Rahmad Dasy menambahkan bahwa berbagai persoalan ketauhidan diejahwantahkan oleh Kanjeng Sunan Drajat melalui tembang-tembang sehingga membuat penasaran masyarakat yang sebelumnya tidak begitu mengenal Islam
yang pada akhirnya mau bertanya atas apa yang dimaksud dalam tembang tersebut.

Selain yang sudah banyak dikenal masyarakat saat ini, Rahmad menukil ajaran Sunan Drajat seperti berikut: “Meper Hardaning Pancadriya Heneng–Henung hening Mulyo guno Panca Waktu” yang berarti bahwa keajegan dalam lelaku hidup sejatinya pinutur nanging mingkem / kontemplasi.

Waktu menunjukkan larut malam, tetapi peserta diskusi begitu khusyu’ mendengarkan paparan yang mengupas isi Manuskrip Khatrah itu. Peserta yang didominasi dari kaum muda begitu larut menyimak penjelasan dari kedua narasumber.

Raden Imam menyampaikan bagaimana metode dakwah yang selama ini digunakan oleh Sunan Drajat dalam penyebaran ajaran Islam di masyarakat sekitar hingga menjadi epicentrum kebudayaan Islam di wilayah pesisir Lamongan.

“Dengan adanya acara seperti ini, paling tidak kita sebagai generasi muda bisa tahu, tentang pitutur-pitutur luhur yang ada dalam manuskrip-manuskrip Raden Qosim Sunan Drajat” tutur Luqman, selaku ketua LESBUMI MWC NU Paciran.

Acara tadarus budaya ini diawali dengan pembacaan tahlil atas wafatnya Ketua LESBUMI PBNU, Bapak K. Ng. H. Agus Sunyoto pagi harinya, dilanjut dengan penampilan teaterikal dari Teater Srulink INSUD Paciran, dan pembacaan puisi oleh saudara Mahrus Ali dan Maidi Abe selaku Sastrawan Muda Lamongan.

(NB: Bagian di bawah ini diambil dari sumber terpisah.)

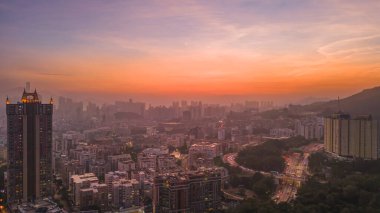 Fotoğraf: 26 Ekim 2023 Batı Kowloon Alacakaranlık, Hong Kong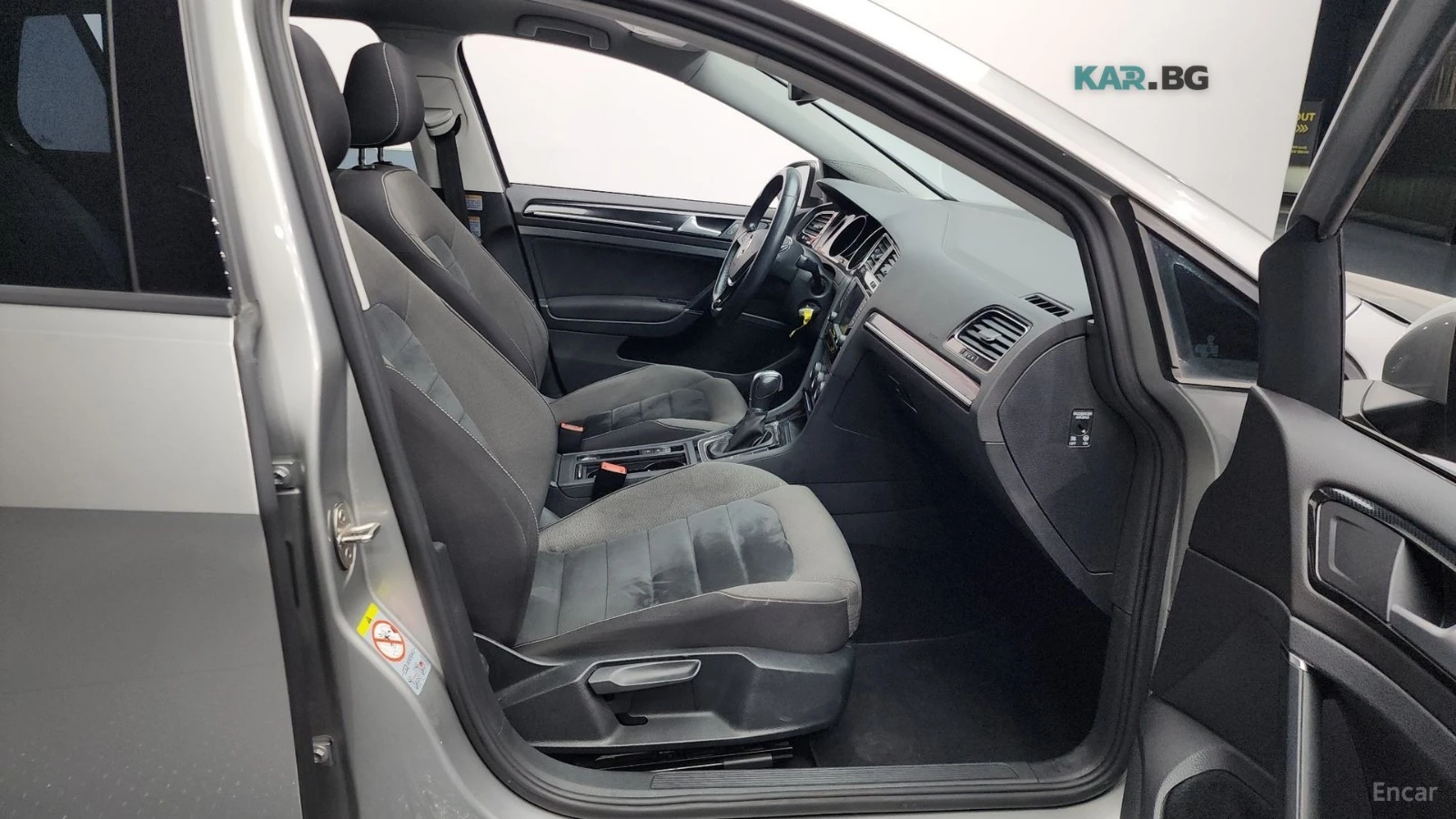 VW Golf * ПАНО* KEYLESS* Camera* ПОДГРЕВ* , снимка 11 - Автомобили и джипове - 55374574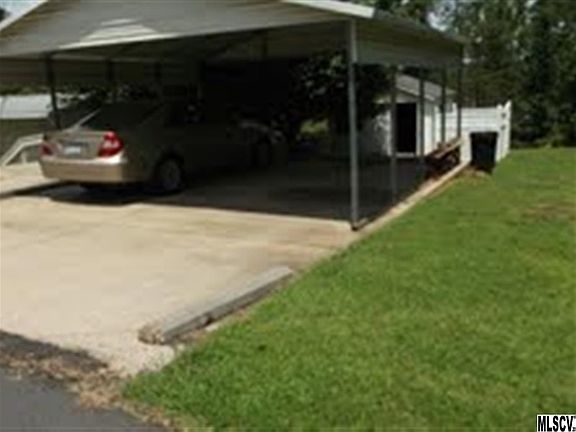 5th image of 4656 Hilltop St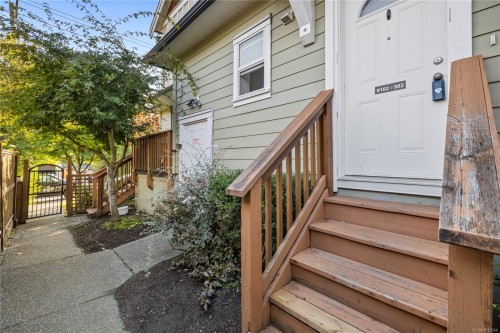 102-582 Rosehill St, Nanaimo, BC 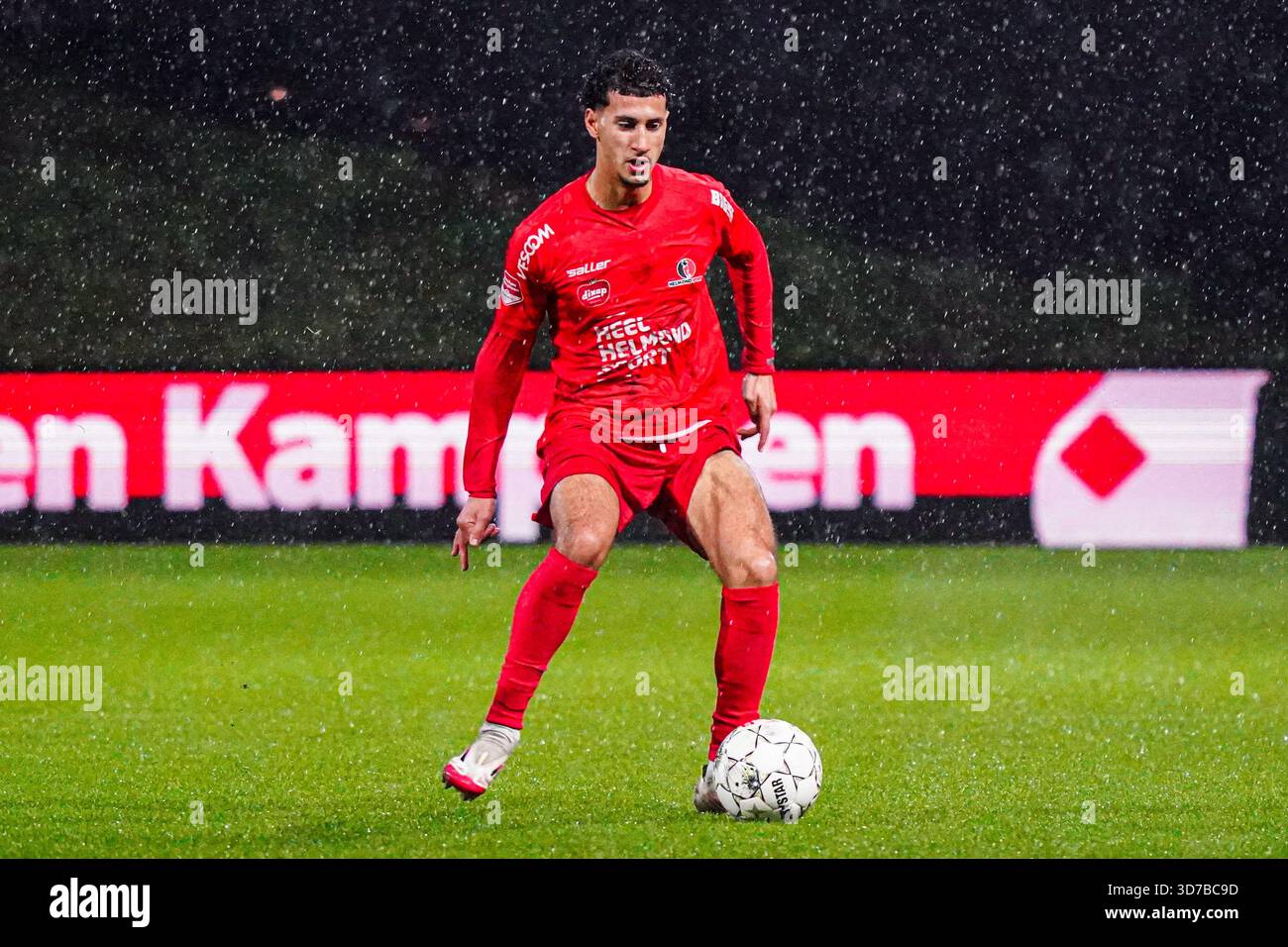 Helmond, pays-Bas. 24 novembre 2025. HELMOND, PAYS-BAS - 24 NOVEMBRE : Tarik Essakkati de Helmond Sport dribble lors du match néerlandais Keuken Kampioen Divisie entre Helmond Sport et Jong Ajax au GS Staalwerken Stadion le 24 novembre 2025 à Helmond, pays-Bas. (Photo de Gabriel Calvino Alonso/Orange Pictures) crédit : Orange pics BV/Alamy Live News Banque D'Images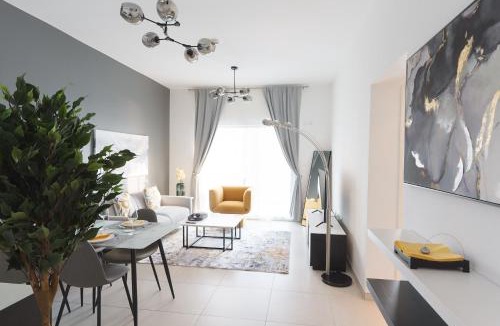 Abu Dhabi Apartment | CozyCorner - Gym & Pool Access - Reem Island
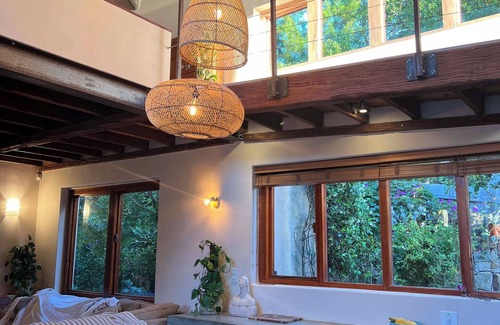 Noordhoek Casa | Turquoise Hideaway, a tranquil 3-bedroom home, with WiFi, in Noordhoek Cape Town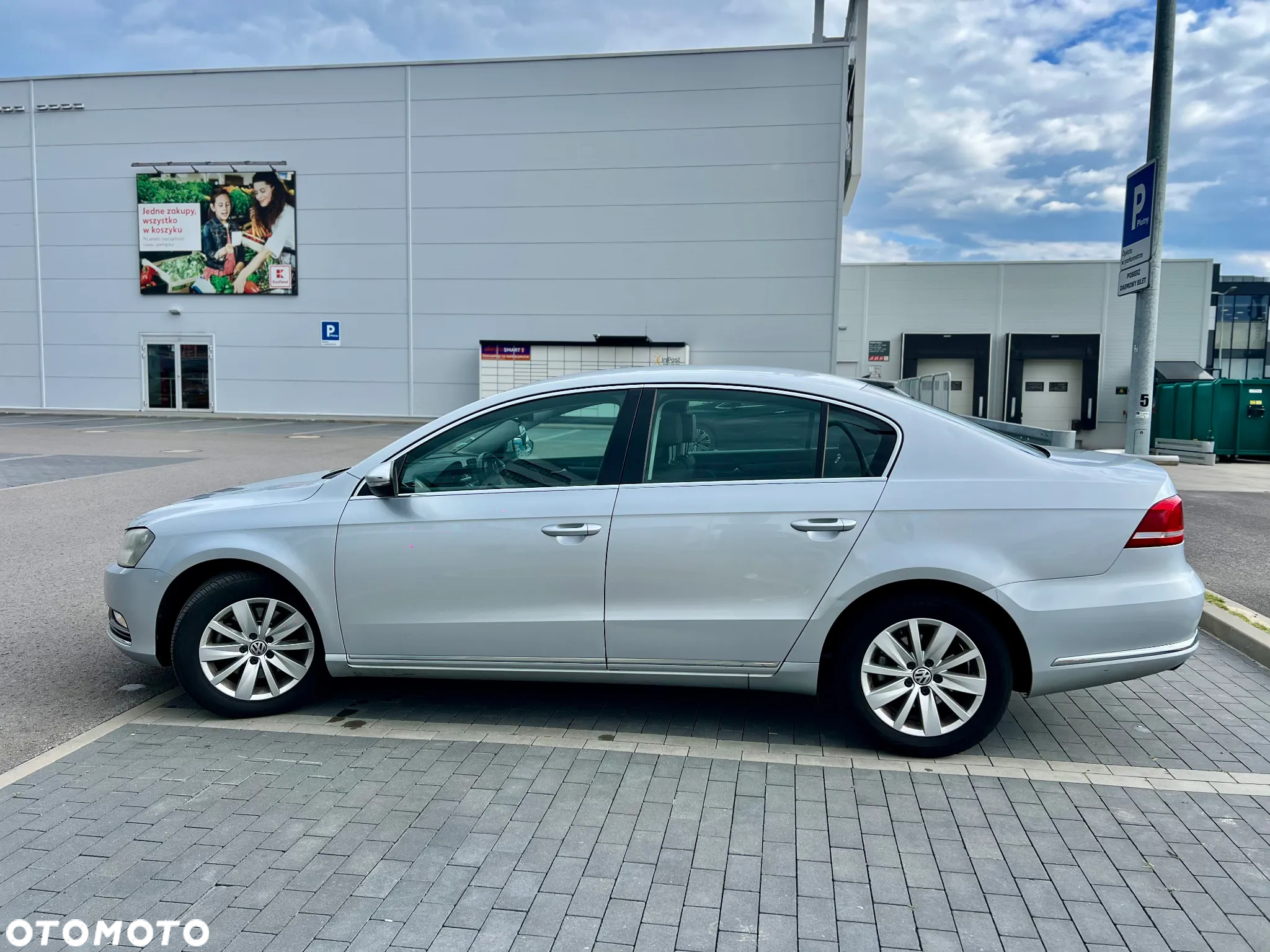 Volkswagen Passat 2.0 TDI DSG BlueMotion Technology Comfortline - 9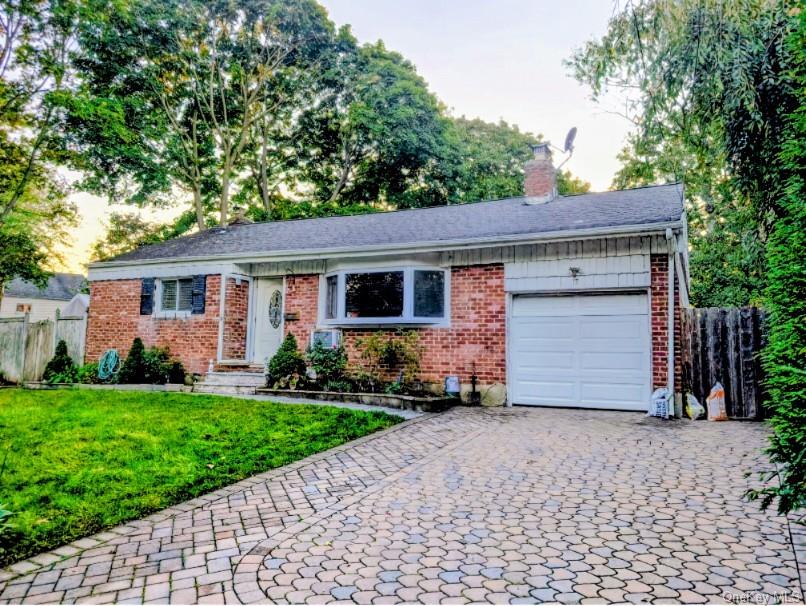 #12 photo, 17 Grayley Place, מחוז סאפוק Huntington Station , NY 11746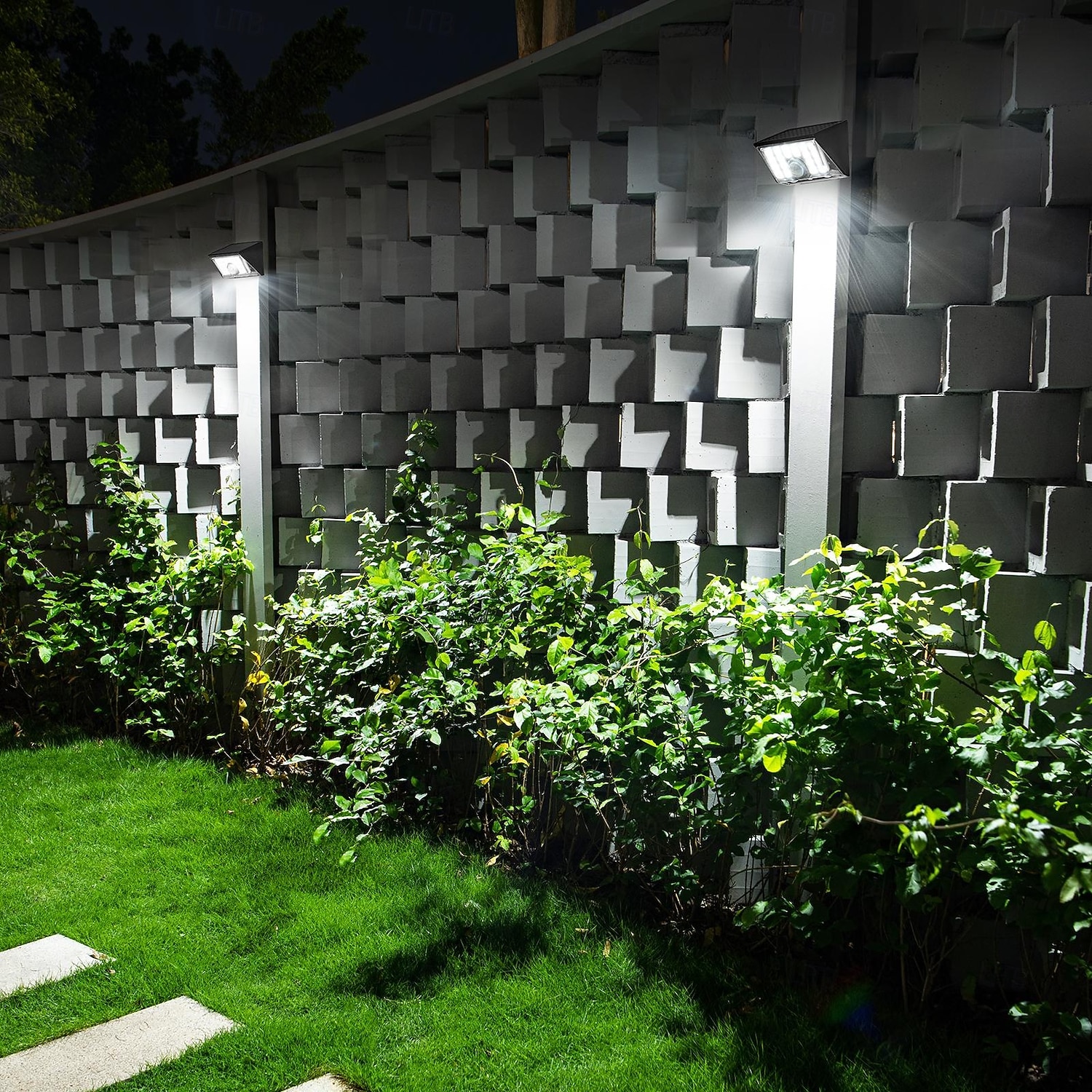 Applique murale solaire intelligente d'extérieur avec détecteur de mouvement, étanche IP65, 22 LED, 4 modes d'éclairage, lampe décorative pour jardin, cour, clôture, mur, villa, porche de 2026 ? $26.99 –P16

Ahmad Farid, Wakil Sekretaris Tanfidziyah MWC NU Paciran juga mengapresiasi sarasehan malam itu, “Kami juga mendukung langkah yang dilakukan oleh Disparbud Lamongan yang telah mendigitalisasi manuskrip koleksi Museum Sunan Drajat. Hal itu perlu difollow-up dengan kajian literasi bersejarah lainnya.”

“Semoga di Tadarus Budaya selanjutnya akan lebih semarak dengan kajian-kajian yang lebih menggugah kesadaran kaum muda Lamongan terhadap pentingnya memahami sejarah, seperti yang digaungkan oleh Almarhum Kyai Agus Sunyoto” Tutup Luqman. (Maidi Abe).